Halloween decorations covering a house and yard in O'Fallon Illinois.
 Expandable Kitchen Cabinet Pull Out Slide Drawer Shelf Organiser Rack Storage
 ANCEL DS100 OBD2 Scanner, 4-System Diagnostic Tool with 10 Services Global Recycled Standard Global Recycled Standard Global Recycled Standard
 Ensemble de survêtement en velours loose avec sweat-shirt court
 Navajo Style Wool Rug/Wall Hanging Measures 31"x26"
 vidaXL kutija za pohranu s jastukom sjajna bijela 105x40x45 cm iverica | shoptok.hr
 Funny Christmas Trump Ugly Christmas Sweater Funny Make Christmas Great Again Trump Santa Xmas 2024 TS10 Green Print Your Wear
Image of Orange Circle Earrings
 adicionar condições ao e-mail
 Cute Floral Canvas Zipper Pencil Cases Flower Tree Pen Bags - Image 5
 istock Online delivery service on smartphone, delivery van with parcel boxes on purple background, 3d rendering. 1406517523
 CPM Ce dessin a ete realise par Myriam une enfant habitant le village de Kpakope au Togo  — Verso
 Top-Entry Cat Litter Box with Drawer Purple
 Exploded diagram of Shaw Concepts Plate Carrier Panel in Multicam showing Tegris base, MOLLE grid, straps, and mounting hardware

━━━

*WORK ORDER*:
Transcribe the material above in full, keeping every word.

*SOLUTION TO THE PROBLEM*:
Halloween decorations covering a house and yard in O'Fallon Illinois.
 Expandable Kitchen Cabinet Pull Out Slide Drawer Shelf Organiser Rack Storage
 ANCEL DS100 OBD2 Scanner, 4-System Diagnostic Tool with 10 Services Global Recycled Standard Global Recycled Standard Global Recycled Standard
 Ensemble de survêtement en velours loose avec sweat-shirt court
 Navajo Style Wool Rug/Wall Hanging Measures 31"x26"
 vidaXL kutija za pohranu s jastukom sjajna bijela 105x40x45 cm iverica | shoptok.hr
 Funny Christmas Trump Ugly Christmas Sweater Funny Make Christmas Great Again Trump Santa Xmas 2024 TS10 Green Print Your Wear
Image of Orange Circle Earrings
 adicionar condições ao e-mail
 Cute Floral Canvas Zipper Pencil Cases Flower Tree Pen Bags - Image 5
 istock Online delivery service on smartphone, delivery van with parcel boxes on purple background, 3d rendering. 1406517523
 CPM Ce dessin a ete realise par Myriam une enfant habitant le village de Kpakope au Togo  — Verso
 Top-Entry Cat Litter Box with Drawer Purple
 Exploded diagram of Shaw Concepts Plate Carrier Panel in Multicam showing Tegris base, MOLLE grid, straps, and mounting hardware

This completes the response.